Ciência

Estudo revela primeira vacina parcialmente eficaz contra a dengue

Estudo revela primeira vacina parcialmente eficaz contra a dengue

 

Lusa/AO Online   Nacional   11 de Set de 2012, 11:00

Cientistas a trabalhar em França e na Tailândia anunciaram ter desenvolvido a primeira vacina parcialmente eficaz contra o vírus da dengue, que afeta severamente meio milhão de pessoas por ano, sobretudo crianças, e mata cerca de 10.000.

 

A vacina, desenvolvida pela farmacêutica francesa Sanofi Pasteur, revelou uma eficácia de 30,2 por cento num ensaio clínico realizado em mais de 4.000 crianças na Tailândia, adiantaram os investigadores num artigo publicado hoje na revista científica The Lancet.

O resultado pode parecer fraco, mas até hoje não existe qualquer vacina ou tratamento específico contra o vírus da dengue, transmitido por mosquitos e endémico em todas as regiões tropicais e subtropicais do planeta.

A criação de uma vacina contra a doença, também chamada de "gripe tropical", é complexa porque existem quatro tipos de vírus da dengue a circular em paralelo.

"O nosso estudo constitui a primeira demonstração de que uma vacina segura e eficaz contra a dengue é possível", afirmou um dos autores do artigo, Derek Wallace, da Sanofi Pasteur.

"Quase meio milhão de pessoas são hospitalizadas com dengue todos os anos, a maioria crianças, por isso o desenvolvimento de uma vacina segura e eficaz tem potencialmente um enorme impacto positivo", acrescentou.

Num primeiro momento, o estudo, cuja primeira versão foi divulgada em julho, revelou uma taxa de eficácia reduzida, mas numa avaliação posterior os investigadores concluíram que a vacina tinha uma eficácia de entre 60 e 90 por cento em três dos serótipos do vírus. Apenas um dos serótipos resiste aos efeitos da vacina.

"Contra este serótipo (DEN-2), nenhuma proteção foi revelada neste ensaio", escreveram os investigadores da Sanofi, que assinaram o artigo juntamente com académicos e médicos tailandeses.

"Esta ineficácia contra o DEN-2 (...) é surpreendente e deverá ser objeto de investigações suplementares", acrescentaram.

Num comentário publicado pela Lancet, o especialista norte-americano em dengue Scott Halstead interrogou-se sobre a eficácia final desta vacina, tendo em conta que as quatro estirpes circulam em paralelo.

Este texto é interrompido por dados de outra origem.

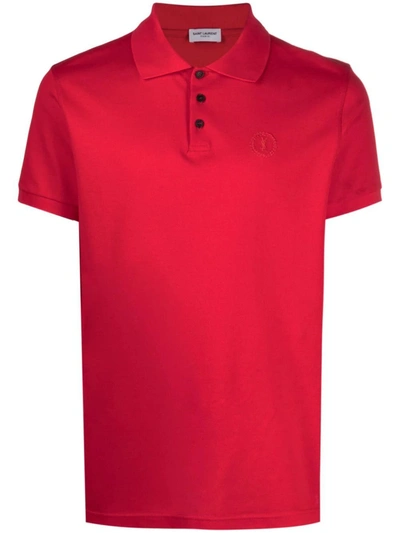 Shop Saint Laurent Men's Red Cotton Polo Shirt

Será necessário utilizar "modelos matemáticos" para saber como se comportaria a vacina, eficaz contra três dos quatro serótipos, caso fosse utilizada, acrescentou o mesmo especialista.

Enquanto isso, a Sanofi vai realizar um ensaio clínico mais vasto, junto de mais de 30.000 voluntários recrutados em dez países da América Latina e da Ásia.

O objetivo é testar a mesma vacina em diferentes contextos epidemiológicos e os cientistas esperam comprovar um "benefício significativo".

A dengue é uma das mais vastas doenças provocadas por vírus transmitidos por mosquitos e a Organização Mundial de Saúde (OMS) estima que metade da população mundial esteja atualmente em risco.

Apesar de a infeção provocar sintomas semelhantes aos da gripe, pode evoluir para a forma hemorrágica severa, a principal causa de doença grave e morte entre as crianças em alguns países asiáticos e da América Latina.

Segundo as estimativas da Organização Mundial de Saúde (OMS), 50 a 100 milhões de pessoas são afetadas todos os anos pelo vírus da dengue.

"A incidência da dengue progrediu de forma espetacular" nestes últimos anos, sublinha a OMS, alertando que a doença começa a estender-se a zonas mais temperadas, como a Europa.